Supplementary Figure 3. NMDA stimulation persistently reduces the number of tethered PSD-95-PAGFP molecules in the spine head and transiently shrinks the spine head.
(A) Representative image of spines from neurons expressing dsRed and PSD-95-PAGFP immediately before (left) and after (right) photoactivation.
(B and C) As in panel A, for spines that were photoactivated for the first time 30 min after NMDA stimulation (post-NMDA).
(D) Quantification of the total green fluorescence intensity from the spine heads of PSD-95-PAGFP expressing neurons immediately after photoactivation for either control spines (black bar, Ctl) or for spines photoactivated for the first time 30 min after stimulation with NMDA (white bar, post-NMDA). * indicates p<0.05 vs. control.

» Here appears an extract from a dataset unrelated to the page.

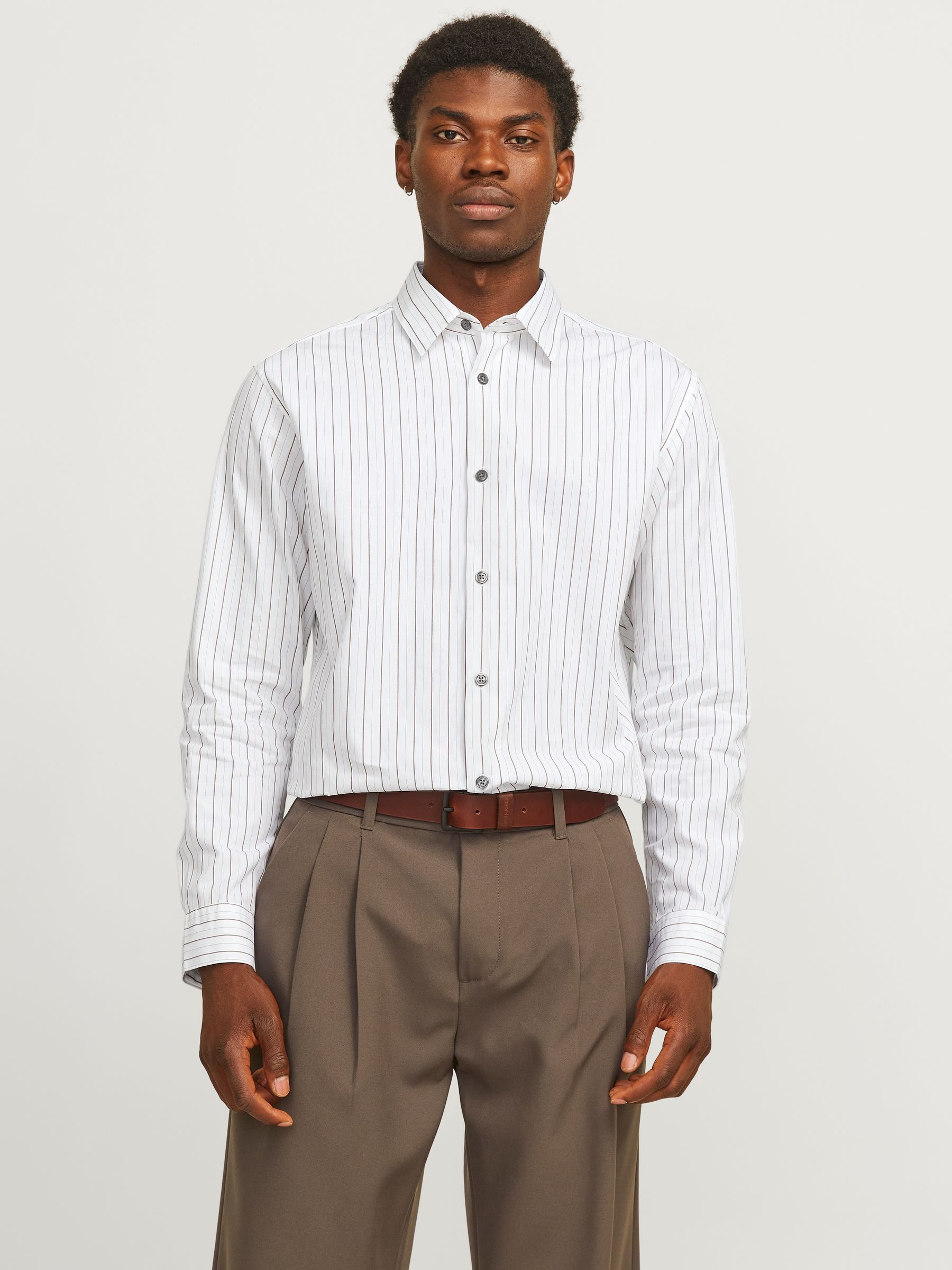 Jack & Jones Langarmhemd Klassischer Stil mit Knopfleiste und Kragen JPRBLA günstig online kaufen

(E) Average spine cross-sectional area (see methods) from neurons expressing PSD-95-PAGFP and exposed to NMDA (red line) and imaged to generate the data shown in Figure 3E. The area is plotted as a function of time and is expressed relative to the area at the time point immediately prior to photoactivation. Data from control spines not exposed to NMDA are shown in gray shaded region. The open red circle indicates statistical difference compared to control spines (p<0.05) at t=15 min, the first time point after NMDA exposure.
(F and G) As in panel A, for spine head width (F) and spine length (G)
We thank the Sabatini lab and for helpful comments and discussions. This work was funded by grants from (to BLS) the Dana and NARSAD Foundations and NINDS (NS052707) and (to PS) the Swiss National Science Foundation (PA00A-113192/1).